El gran genio ruso se encuentra enterrado en su Yásnaia Poliana natal, una finca rural cerca de Tula en la que nació y vivió, y su lugar de enterramiento, como cuenta Zweig en La tumba más bella del mundo, “no es más que un rectángulo ínfimo de tierra amontonada. Nadie lo custodia. Nadie lo ampara. Tan sólo un puñado de árboles parece cobijarlo con su alta sombra (…) sin cruz ni lápida ni epitafio —nulla cruz, nulla corona—. Ni siquiera una inscripción tallada con el nombre «Tolstói»”. 

Se encuentra allí porque, tal y como le contó la nieta del escritor a Zweig, cuando Lev y su hermano Nikolai eran pequeños escucharon una vieja leyenda que afirmaba que “allí donde se planta un árbol siempre habrá felicidad”. Decidieron entonces los hermanos plantar unos árboles en la finca. Recordaría Tolstói aquella bella historia más tarde, expresando su deseo “de ser enterrado bajo los árboles que él mismo había plantado”. 

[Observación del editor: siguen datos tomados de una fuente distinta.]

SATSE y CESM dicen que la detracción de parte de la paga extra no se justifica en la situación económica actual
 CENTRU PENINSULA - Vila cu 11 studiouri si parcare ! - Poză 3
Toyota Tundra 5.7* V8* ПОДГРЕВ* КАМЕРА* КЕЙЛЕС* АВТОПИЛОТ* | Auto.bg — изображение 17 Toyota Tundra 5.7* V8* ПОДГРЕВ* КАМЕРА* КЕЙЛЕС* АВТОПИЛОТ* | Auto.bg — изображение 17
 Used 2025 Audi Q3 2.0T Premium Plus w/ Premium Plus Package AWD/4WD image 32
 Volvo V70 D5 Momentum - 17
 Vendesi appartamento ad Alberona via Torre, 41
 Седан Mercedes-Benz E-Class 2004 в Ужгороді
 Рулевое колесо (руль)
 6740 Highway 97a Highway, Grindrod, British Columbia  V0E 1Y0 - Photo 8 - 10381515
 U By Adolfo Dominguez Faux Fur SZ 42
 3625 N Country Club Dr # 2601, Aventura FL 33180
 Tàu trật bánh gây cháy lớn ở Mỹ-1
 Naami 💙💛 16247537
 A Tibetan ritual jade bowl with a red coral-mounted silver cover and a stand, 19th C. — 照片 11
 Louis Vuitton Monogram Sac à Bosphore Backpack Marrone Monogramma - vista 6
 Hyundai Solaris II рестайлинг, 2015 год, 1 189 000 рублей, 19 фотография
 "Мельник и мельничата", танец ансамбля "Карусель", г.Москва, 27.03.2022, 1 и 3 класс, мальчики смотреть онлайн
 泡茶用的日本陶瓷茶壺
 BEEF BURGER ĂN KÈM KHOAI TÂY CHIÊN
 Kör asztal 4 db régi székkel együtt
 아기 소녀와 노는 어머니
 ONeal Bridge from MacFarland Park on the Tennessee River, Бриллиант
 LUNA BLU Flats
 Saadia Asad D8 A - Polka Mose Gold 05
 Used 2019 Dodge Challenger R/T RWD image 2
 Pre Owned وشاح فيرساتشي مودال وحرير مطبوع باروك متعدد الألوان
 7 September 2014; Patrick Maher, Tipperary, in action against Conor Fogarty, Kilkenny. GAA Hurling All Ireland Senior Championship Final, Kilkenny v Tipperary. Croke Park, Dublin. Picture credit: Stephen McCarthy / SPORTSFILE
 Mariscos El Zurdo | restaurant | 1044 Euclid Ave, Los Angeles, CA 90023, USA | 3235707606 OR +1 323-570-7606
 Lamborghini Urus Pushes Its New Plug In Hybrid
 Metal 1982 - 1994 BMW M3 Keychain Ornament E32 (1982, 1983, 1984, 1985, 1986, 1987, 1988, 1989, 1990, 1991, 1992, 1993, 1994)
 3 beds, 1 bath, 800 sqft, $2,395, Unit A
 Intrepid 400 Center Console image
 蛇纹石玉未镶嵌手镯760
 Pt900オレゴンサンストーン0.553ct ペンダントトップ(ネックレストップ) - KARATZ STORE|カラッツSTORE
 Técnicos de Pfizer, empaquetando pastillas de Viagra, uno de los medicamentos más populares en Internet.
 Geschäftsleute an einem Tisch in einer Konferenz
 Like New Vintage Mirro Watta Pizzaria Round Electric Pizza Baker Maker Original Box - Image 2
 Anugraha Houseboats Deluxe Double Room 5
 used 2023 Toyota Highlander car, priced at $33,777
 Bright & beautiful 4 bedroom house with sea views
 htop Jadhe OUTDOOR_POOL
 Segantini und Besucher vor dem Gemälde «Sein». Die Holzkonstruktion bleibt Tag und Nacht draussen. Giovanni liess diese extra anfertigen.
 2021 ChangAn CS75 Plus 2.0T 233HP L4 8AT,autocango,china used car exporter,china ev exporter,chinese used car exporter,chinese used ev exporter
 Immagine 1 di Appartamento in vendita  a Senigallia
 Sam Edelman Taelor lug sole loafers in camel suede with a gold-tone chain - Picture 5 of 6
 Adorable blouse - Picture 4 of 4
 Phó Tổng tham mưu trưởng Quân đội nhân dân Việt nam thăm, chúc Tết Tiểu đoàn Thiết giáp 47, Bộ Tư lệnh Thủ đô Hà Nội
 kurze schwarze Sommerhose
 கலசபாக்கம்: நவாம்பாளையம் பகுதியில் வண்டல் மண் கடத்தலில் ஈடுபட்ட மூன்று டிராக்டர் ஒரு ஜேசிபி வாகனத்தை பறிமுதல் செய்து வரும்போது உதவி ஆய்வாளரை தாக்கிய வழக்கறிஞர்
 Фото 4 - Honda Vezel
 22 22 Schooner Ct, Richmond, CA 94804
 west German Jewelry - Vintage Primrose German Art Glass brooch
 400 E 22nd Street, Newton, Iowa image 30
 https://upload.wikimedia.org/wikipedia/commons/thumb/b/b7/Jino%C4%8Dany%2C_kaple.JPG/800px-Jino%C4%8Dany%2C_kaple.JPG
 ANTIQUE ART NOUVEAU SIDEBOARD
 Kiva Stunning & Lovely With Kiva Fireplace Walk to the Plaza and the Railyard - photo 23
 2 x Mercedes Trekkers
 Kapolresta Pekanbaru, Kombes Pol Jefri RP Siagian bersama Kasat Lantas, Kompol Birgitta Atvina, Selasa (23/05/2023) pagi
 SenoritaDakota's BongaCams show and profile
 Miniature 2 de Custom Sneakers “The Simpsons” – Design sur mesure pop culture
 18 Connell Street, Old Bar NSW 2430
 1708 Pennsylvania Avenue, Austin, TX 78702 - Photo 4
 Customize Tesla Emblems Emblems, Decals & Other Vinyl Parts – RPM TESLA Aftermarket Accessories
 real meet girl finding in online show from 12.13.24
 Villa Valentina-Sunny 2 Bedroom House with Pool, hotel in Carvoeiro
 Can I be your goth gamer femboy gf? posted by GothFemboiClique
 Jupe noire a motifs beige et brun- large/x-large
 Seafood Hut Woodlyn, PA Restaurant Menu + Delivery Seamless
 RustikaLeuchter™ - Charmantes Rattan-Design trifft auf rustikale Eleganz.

Ni la cripta de Napoleón bajo la bóveda de mármol del Palacio Nacional de los Inválidos, ni el féretro de Goethe en su sepulcro principesco de Weimar o el sarcófago de Shakespeare en la Abadía de Westminster, afirma Zweig, “sacude lo más humano que hay en cada uno de nosotros como lo hace esta tumba sin nombre, este sepulcro emotivo y glorioso que guarda silencio en la inmensidad del bosque, susurrado únicamente a través del viento y desprovisto de todo mensaje y de toda palabra”.